The SQL Ecology Lessons
This post originally appeared on the Data Carpentry website
I am fond of saying that ecologists should not be afraid of big data – instead, we have to deal with small, complex, and poorly connected data. Understanding how we can stay on top of things, data-wise, is becoming more and more important. And some of the practices used to collect a small amount of data do not scale well at all when the amount of data increases, even if slightly.
Knowing ecology is important. Understanding the natural history of your model, the conditions of your field site, the big theories that we used to make sense of results, are obviously things that matter, and they receive a lot of emphasis during the training of ecologists. But moving from observation to insight requires to make sense of the observations, and this is turn require good data management practices.
I couldn’t have been happier to help develop the Data Carpentry SQL ecology lesson. Up to this point, it was an important resource in the lab, and in the community at large. It served as a basis for some material in a semester long class I am currently giving. And the question I keep coming back to, whenever we discuss adding, tweaking, or removing material from the lesson, is: “does it lead the learner to better practices?”.
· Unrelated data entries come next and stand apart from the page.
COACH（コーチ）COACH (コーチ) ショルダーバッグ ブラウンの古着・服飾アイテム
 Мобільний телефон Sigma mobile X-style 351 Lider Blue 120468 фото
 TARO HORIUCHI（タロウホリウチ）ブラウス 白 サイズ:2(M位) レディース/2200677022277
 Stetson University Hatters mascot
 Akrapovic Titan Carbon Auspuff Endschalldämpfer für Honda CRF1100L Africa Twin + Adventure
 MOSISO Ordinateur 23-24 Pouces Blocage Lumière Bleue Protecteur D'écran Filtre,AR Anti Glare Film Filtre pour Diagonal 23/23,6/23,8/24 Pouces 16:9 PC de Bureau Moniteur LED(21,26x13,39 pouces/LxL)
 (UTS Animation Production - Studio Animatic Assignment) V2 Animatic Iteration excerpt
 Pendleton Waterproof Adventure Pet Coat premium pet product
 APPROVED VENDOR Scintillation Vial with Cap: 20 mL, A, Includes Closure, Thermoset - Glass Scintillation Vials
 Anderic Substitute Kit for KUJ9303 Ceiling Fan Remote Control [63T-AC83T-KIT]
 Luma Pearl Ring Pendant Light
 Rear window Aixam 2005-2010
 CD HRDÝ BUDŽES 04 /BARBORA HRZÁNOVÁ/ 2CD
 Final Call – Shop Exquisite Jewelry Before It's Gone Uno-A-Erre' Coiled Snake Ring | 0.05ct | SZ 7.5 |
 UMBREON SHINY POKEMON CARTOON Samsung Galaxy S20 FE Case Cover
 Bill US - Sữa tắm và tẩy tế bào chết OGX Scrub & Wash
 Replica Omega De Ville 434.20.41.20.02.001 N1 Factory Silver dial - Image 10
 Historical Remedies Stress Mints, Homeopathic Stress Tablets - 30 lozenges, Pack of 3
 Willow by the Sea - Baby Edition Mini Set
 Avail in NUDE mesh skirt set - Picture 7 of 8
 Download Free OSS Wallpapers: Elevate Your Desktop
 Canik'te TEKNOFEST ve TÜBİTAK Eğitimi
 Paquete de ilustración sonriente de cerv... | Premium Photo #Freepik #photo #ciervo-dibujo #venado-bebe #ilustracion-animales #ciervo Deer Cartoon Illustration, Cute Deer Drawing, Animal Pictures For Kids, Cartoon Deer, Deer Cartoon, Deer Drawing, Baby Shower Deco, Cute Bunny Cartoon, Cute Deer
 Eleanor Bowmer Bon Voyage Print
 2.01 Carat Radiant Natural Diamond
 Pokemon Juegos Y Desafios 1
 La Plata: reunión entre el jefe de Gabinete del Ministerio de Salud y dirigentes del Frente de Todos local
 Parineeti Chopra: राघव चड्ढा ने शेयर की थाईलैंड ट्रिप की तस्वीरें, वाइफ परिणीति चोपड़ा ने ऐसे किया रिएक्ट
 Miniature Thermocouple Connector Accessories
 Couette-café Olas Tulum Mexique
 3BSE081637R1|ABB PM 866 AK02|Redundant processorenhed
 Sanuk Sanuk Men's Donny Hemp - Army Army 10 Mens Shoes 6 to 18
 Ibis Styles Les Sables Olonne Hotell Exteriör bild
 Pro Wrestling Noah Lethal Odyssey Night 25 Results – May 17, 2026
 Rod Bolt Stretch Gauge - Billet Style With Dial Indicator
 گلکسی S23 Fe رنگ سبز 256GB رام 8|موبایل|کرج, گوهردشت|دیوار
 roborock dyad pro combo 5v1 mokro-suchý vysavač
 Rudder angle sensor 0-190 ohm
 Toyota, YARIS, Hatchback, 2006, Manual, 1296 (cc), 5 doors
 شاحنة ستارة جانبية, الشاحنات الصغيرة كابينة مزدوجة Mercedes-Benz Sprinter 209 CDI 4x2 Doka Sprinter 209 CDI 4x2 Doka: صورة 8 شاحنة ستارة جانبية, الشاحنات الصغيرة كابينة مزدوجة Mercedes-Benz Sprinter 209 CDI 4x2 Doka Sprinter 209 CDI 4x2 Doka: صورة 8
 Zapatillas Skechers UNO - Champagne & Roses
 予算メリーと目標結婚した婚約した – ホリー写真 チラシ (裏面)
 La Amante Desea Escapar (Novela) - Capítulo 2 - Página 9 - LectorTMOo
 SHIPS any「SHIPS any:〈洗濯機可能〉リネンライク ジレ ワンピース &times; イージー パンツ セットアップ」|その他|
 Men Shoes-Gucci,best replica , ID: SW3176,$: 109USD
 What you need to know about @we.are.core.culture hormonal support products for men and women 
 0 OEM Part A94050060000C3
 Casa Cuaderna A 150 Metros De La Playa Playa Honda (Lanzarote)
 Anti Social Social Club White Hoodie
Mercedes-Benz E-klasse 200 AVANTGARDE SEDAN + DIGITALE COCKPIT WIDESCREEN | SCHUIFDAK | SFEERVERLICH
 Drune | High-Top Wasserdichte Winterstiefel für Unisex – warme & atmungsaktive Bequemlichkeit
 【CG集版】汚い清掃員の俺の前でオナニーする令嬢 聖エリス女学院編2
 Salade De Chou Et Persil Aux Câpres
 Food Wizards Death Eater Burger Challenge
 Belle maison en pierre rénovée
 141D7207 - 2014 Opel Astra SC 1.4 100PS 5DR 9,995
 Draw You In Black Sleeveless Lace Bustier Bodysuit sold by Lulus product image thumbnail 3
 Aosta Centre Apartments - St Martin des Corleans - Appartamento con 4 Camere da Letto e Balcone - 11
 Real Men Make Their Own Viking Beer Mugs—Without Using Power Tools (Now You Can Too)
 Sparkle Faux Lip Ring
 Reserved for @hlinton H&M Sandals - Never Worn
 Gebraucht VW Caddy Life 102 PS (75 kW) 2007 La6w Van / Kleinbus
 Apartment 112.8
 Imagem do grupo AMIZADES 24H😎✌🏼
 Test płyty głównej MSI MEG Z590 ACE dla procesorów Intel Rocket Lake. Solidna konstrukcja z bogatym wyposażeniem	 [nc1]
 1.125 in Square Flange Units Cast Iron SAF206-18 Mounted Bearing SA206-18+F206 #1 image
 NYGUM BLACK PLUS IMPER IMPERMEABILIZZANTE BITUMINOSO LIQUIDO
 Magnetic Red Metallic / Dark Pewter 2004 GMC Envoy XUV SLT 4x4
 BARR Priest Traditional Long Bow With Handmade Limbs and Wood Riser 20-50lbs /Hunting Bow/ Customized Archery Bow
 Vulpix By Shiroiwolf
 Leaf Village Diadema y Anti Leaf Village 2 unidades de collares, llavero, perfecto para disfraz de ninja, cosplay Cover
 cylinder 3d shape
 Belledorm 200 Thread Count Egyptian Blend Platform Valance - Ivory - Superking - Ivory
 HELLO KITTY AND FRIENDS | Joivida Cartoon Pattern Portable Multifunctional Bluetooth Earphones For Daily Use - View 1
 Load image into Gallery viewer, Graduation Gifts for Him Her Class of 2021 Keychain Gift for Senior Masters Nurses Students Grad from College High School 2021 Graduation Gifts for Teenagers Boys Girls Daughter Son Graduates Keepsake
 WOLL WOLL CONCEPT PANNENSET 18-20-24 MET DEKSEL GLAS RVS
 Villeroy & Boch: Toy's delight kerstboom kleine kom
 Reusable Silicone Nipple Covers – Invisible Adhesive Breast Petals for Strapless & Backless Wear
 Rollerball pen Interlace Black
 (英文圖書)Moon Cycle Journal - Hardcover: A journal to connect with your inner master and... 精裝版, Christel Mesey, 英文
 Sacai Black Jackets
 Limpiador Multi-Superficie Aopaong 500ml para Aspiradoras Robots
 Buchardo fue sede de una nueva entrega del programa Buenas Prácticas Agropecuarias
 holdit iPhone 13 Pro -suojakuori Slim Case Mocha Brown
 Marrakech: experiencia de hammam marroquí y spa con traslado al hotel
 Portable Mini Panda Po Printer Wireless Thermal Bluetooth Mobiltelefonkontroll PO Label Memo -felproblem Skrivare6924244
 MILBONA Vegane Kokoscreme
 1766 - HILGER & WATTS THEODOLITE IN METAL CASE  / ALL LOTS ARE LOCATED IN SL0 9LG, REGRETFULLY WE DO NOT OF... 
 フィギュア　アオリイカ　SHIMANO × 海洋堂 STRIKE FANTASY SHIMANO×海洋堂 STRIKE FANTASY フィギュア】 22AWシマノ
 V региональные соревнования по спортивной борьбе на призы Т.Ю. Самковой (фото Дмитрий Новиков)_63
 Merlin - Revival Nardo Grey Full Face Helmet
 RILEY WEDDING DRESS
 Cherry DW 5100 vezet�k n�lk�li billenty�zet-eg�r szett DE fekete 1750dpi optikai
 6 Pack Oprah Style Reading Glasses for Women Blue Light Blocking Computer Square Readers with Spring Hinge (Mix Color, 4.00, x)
I do not think this lesson teaches “best practices”. I don’t think I am even remotely qualified to discuss best practices of SQL. But emphasizing good practices is something I feel comfortable doing. So what are good practices?
Good practices are something that you could, realistically, apply tomorrow. This means covering the basics, and hinting at the very cool things that can be done with more advanced features of the language. In-class, I will motivate this by inviting guest speakers that added some of this methodology in their toolkit, and discuss how it helped them do research. In a workshop, it can be short motivational story that will be familiar to former workshop attendees.
More concretely, good practices are that which minimizes the chance that something goes wrong (there has been much PDF ink spilled on the fact that Excel does, in fact, sometimes changes values to other values), and give you a productivity boost. Learning a new anything can be intimidating, so good practices must be, to some extent, re-insuring.
The things we focus most on the lesson are organizing data to avoid duplication (why have the field site info at each row, when you can just use another table and link them with IDs?), and data retrieval. Data retrieval, in SQL, can encompass a lot of operations: merging, aggregating, conditionals, counting, calculating averages, and so forth. I like the “ah ah!” moment where learners realize that operations that would take a few lines of R, or all your willpower and sanity in a spreadsheet, can be done in a single SQL line.